I rifiuti analizzati dai ricercatori dell’Università di Siena sono stati raccolti e campionati da Goletta Verde di Legambiente l’estate scorsa durante la navigazione lungo la Penisola. Per ogni campione, l’equipaggio dell’imbarcazione ambientalista ha preso la posizione GPS, scattato foto, compilato una scheda di campionamento, ed eseguito una procedura di raccolta e conservazione come previsto dal protocollo indicato dell’Università di Siena. I ricercatori, Cristina Panti e Matteo Baini, hanno poi effettuato le varie analisi in laboratorio. Qui la composizione polimerica di ciascun campione è stata valutata tramite la tecnica di spettrometria ad infrarossi. Dall’analisi è emerso che «l’86% delle macroplastiche analizzate è costituito da polietilene (PE) e il 14% da polipropilene». Inoltre, per quanto riguarda l’analisi dei contaminanti organoclorurati e del mercurio identificati sulle microplastiche galleggianti, dallo studio emerge che «Tutti i campioni hanno presentato livelli apprezzabili di questi contaminanti. I dati dimostrano un accrescimento delle concentrazioni con la permanenza in mare in una prima fase e una successiva diminuzione con l’invecchiamento: probabilmente, con l’avanzare dei processi degradativi a cui va incontro la plastica una volta in mare, essa rilascia parte del carico di contaminanti».
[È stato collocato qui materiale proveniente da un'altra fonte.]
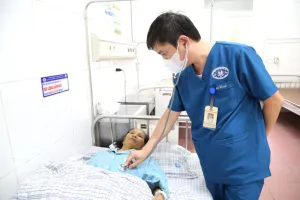 Suy gan do uống thuốc nam theo lời hàng xóm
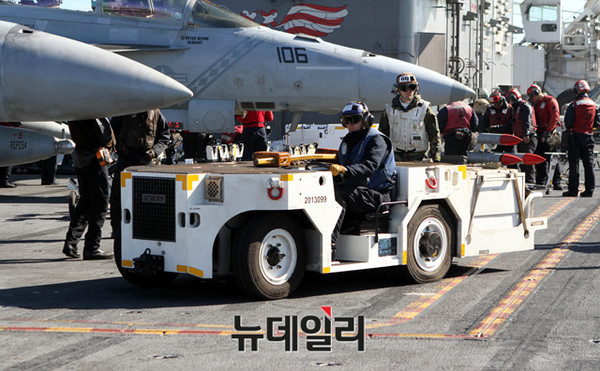 ▲ 28일 로널드 레이건호의 복잡한 비행갑판 모습.ⓒ뉴데일리 순정우 기자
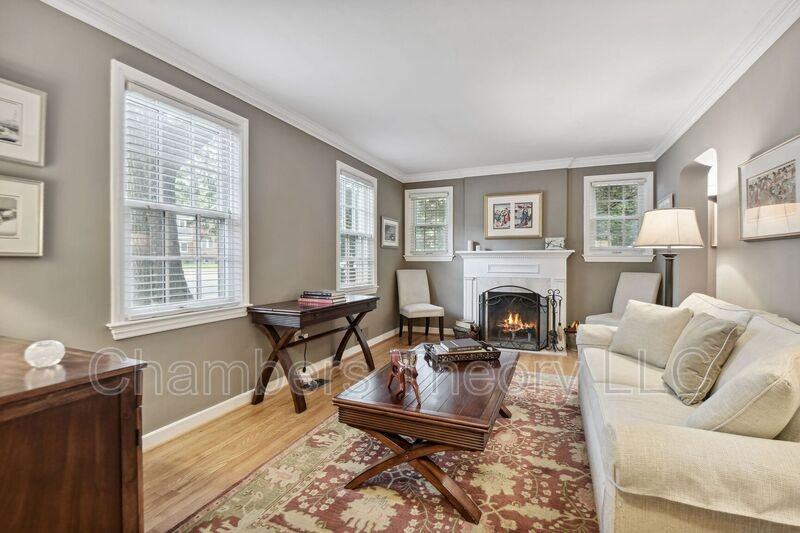 900 N Livingston St - Photo 5 of 29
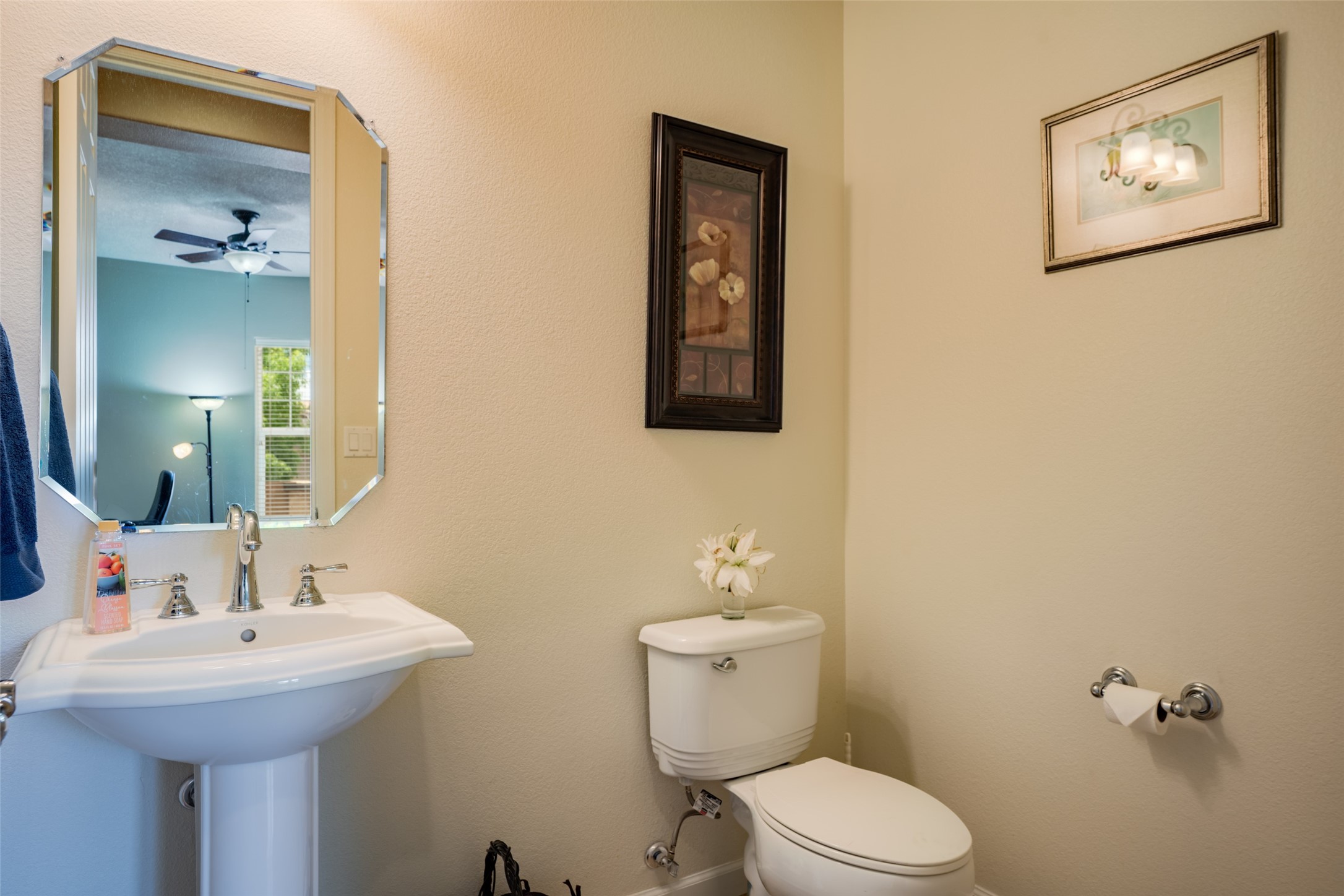 3726 Linda Vista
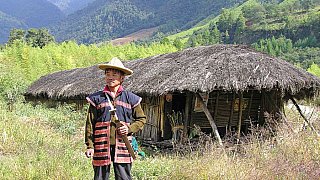 Mishmi-Mann vor seiner H&uuml;tte - Indien - Nordosten - Land und Leute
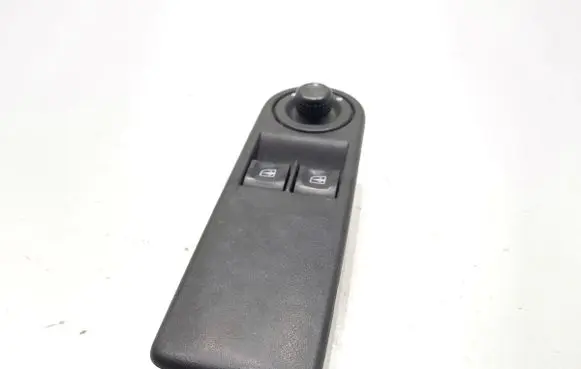 Renault Clio IV Electric window control switch 809611667R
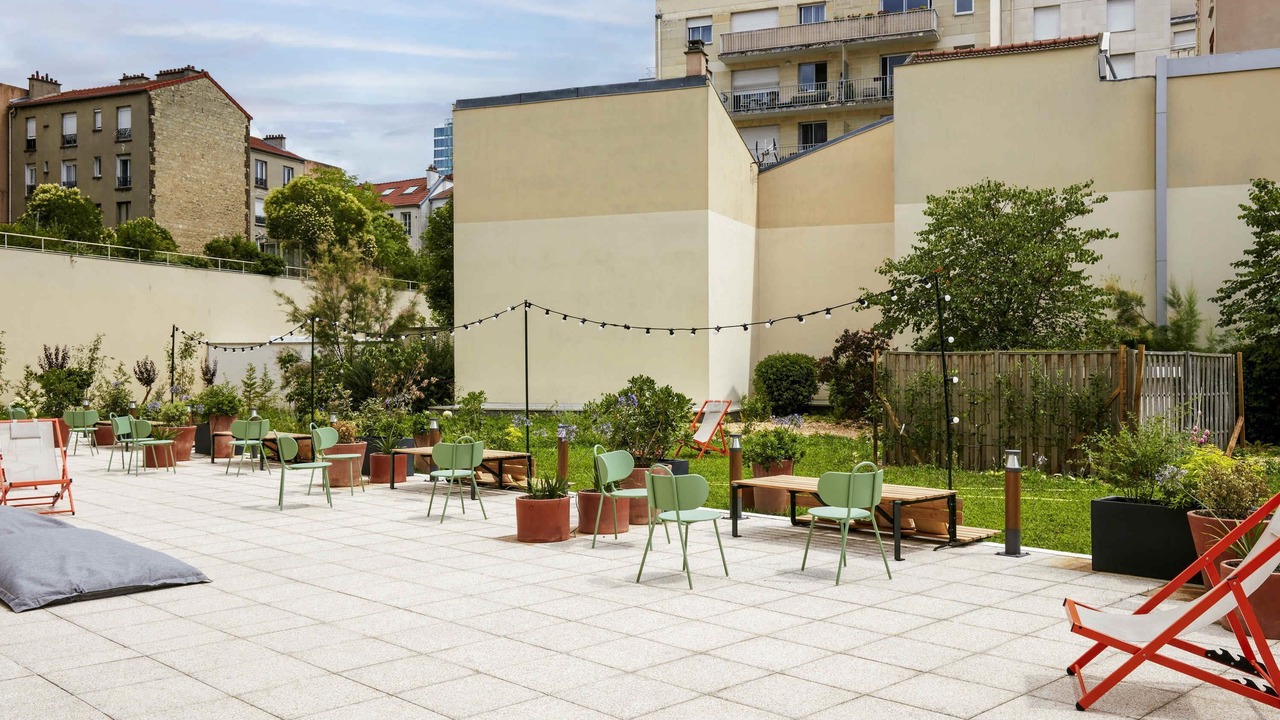 Photo of Outdoor in Puteaux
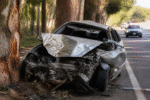 Imagem ilustrativa: Jovem sobrevive a acidente grave após bater carro em árvores na mgc-122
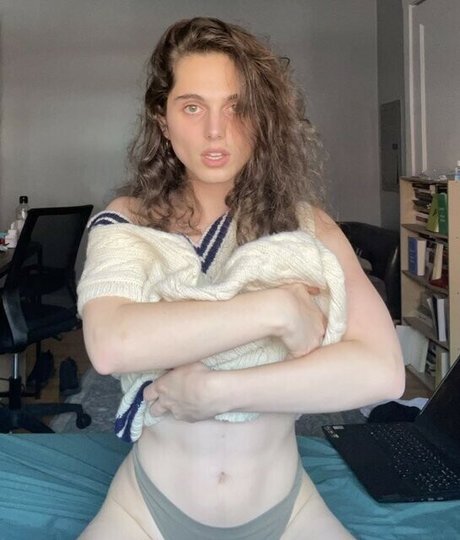 Helmet Girl star du porno en haute qualité image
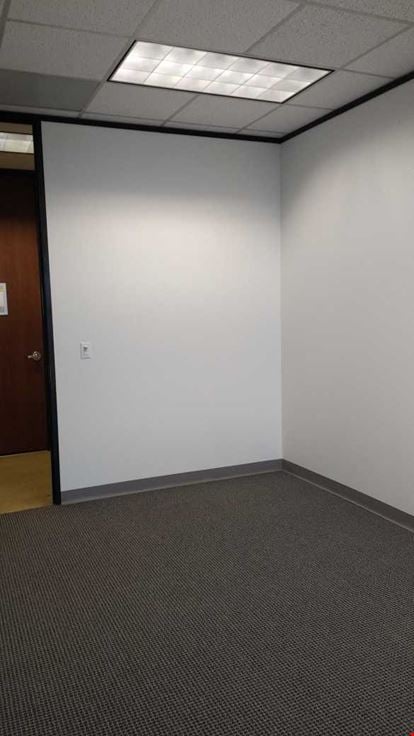 6671 Southwest Freeway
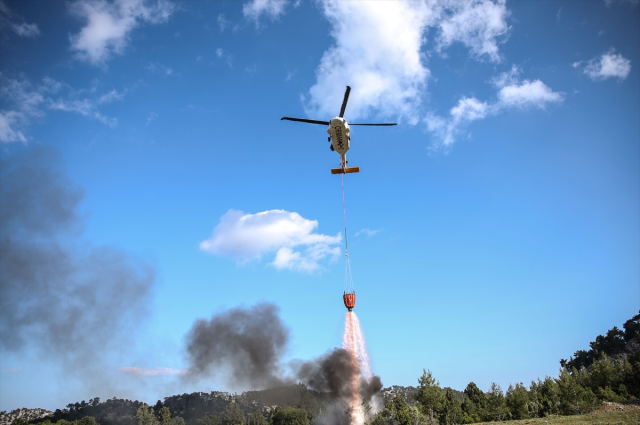Orman yangınlarına karşı TUSAŞ T-70 helikopteri 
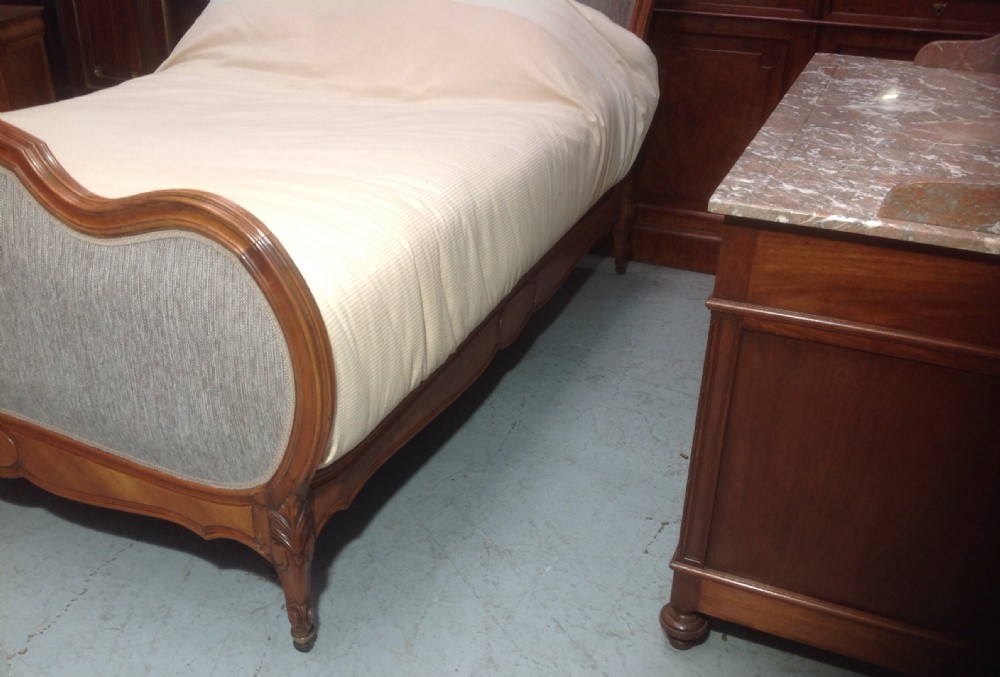 CARVED WALNUT UPHOLSTERED FRENCH BED View V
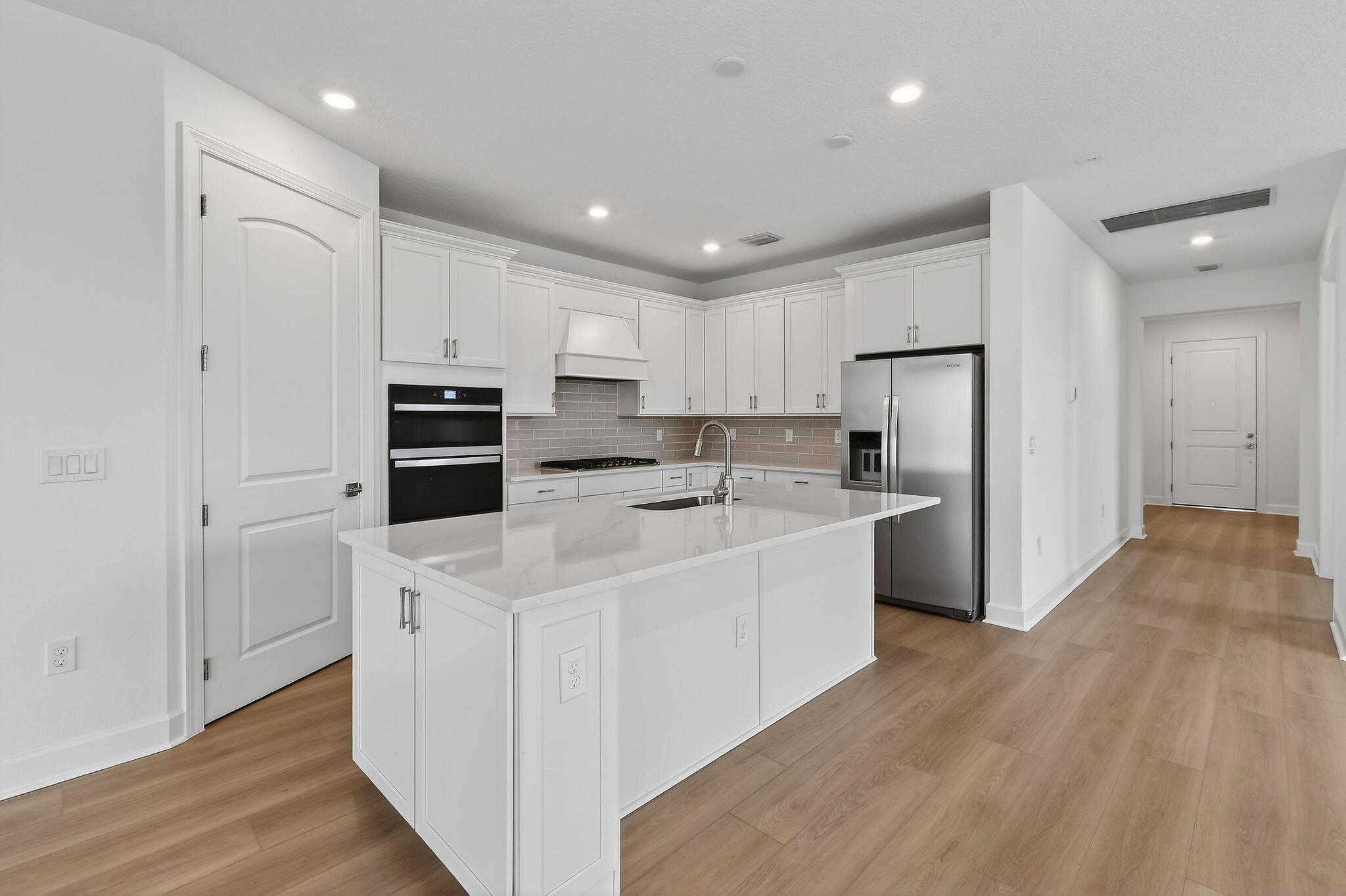 DEL WEBB TRADITION - Residential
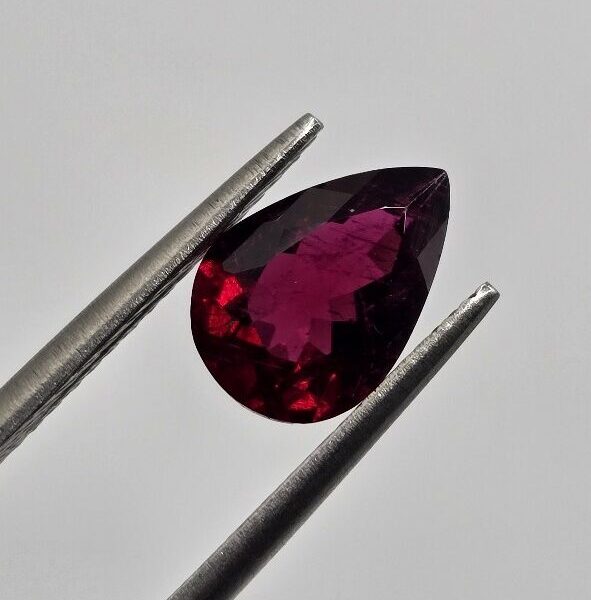 9.33x6.50x3.75mm pear Brazilian tourmaline facet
Maria Cristina Fossi, professore ordinario di ecologia ed ecotossicologia all’università di Siena, conclude: «I risultati prodotti, seppur parziali, dimostrano la necessità di approfondire i rischi sul biota e i possibili rischi sulla rete trofica legati alla presenza di plastiche in mare e all’accumulo di sostanze inquinanti sulla superficie dei macrorifiuti galleggianti.  Un aspetto molto interessante, infatti, sarebbe quello di integrare i dati ottenuti sulla tipologia di macroplastica e i relativi dati ecotossicologici, con quelli oceanografici sulla densità dei rifiuti galleggianti nelle diverse aree analizzate. Questo consentirebbe di individuare delle aree “hot spots” per una successiva analisi di rischio, soprattutto in relazione alla possibilità che queste aree coincidano con quelle di foraggiamento delle specie marine, come ad esempio le tartarughe marine».